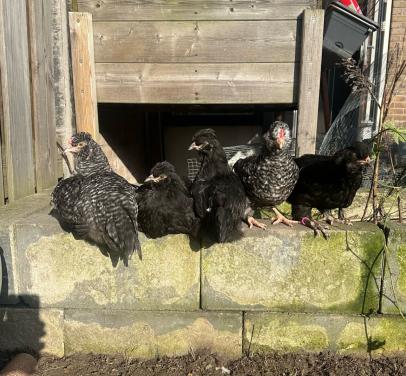Mooie zwarte Araucana hennen te koop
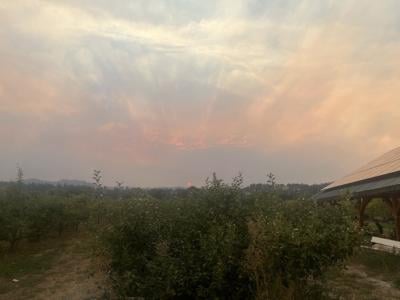 'We will lose a lot of our annual crops': B.C. farmers face losses due to wildfires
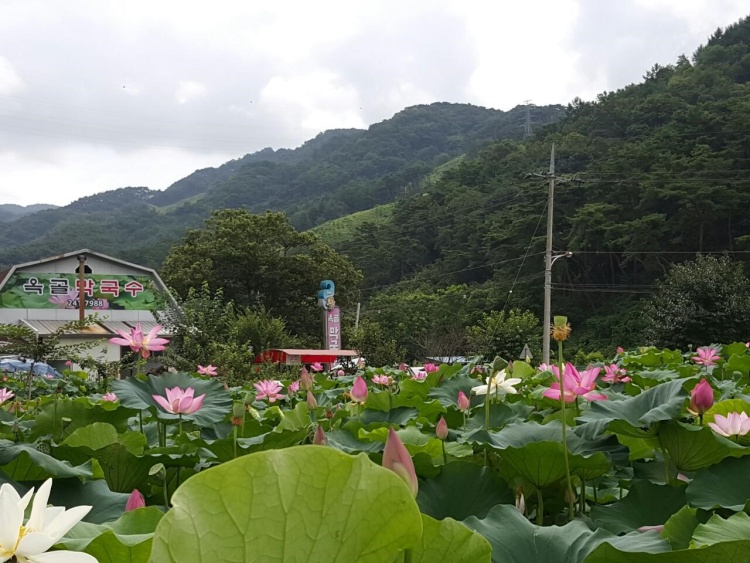 이맛에 살지 연꽃과 연잎 가득한 곳에 있는 연잎막국수, 연잎밥정식, 연잎토종닭 백숙 춘천 맛집 추천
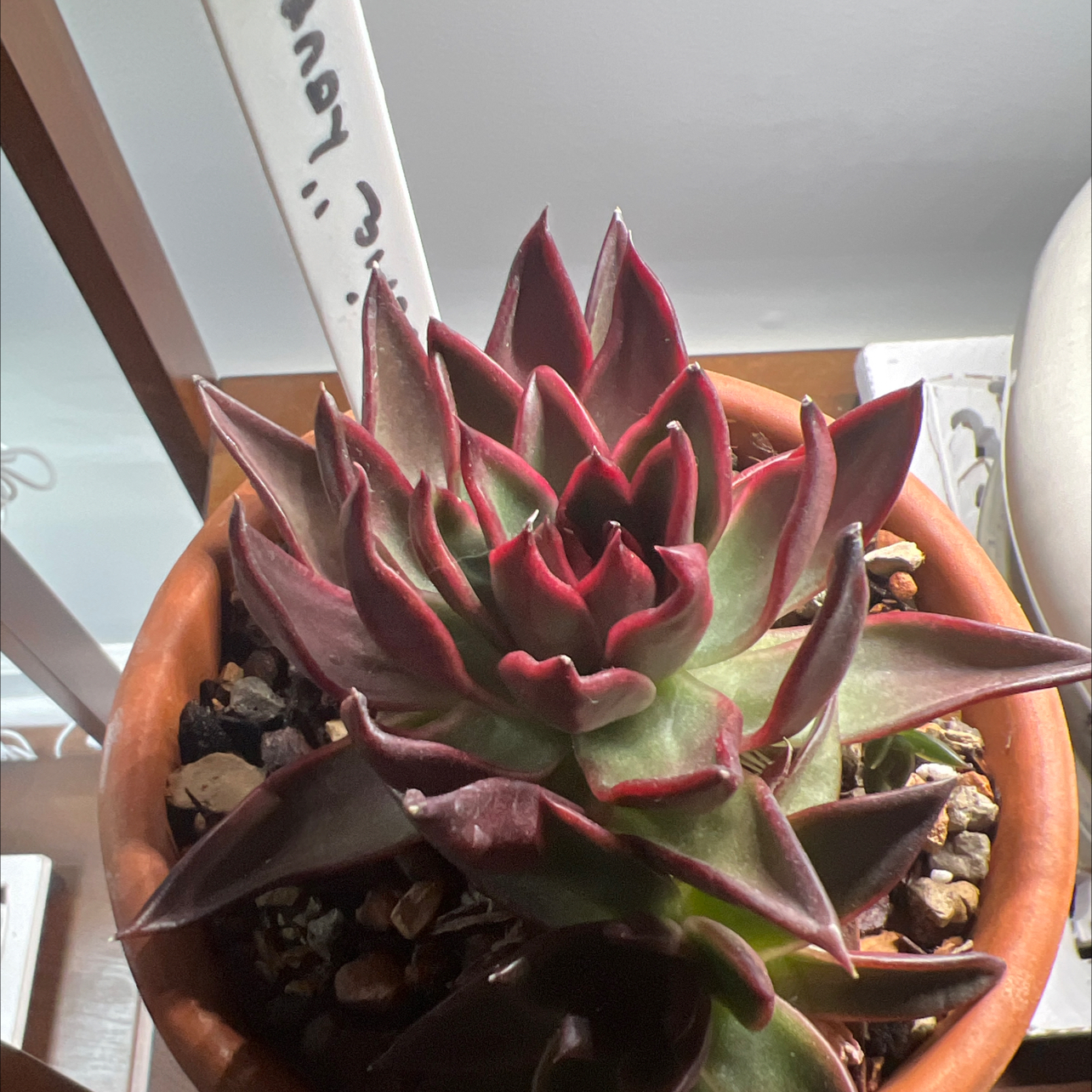 Photo of the plant species Echeveria by @MercifulMostii named Ginger on Greg, the plant care app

> _Requirement_:
In the data above, find the line with "due to wildfires" and repeat it and every line after it through the end, exactly; leave the pictures out.

> _Your response_:
 'We will lose a lot of our annual crops': B.C. farmers face losses due to wildfires
 이맛에 살지 연꽃과 연잎 가득한 곳에 있는 연잎막국수, 연잎밥정식, 연잎토종닭 백숙 춘천 맛집 추천
 Photo of the plant species Echeveria by @MercifulMostii named Ginger on Greg, the plant care app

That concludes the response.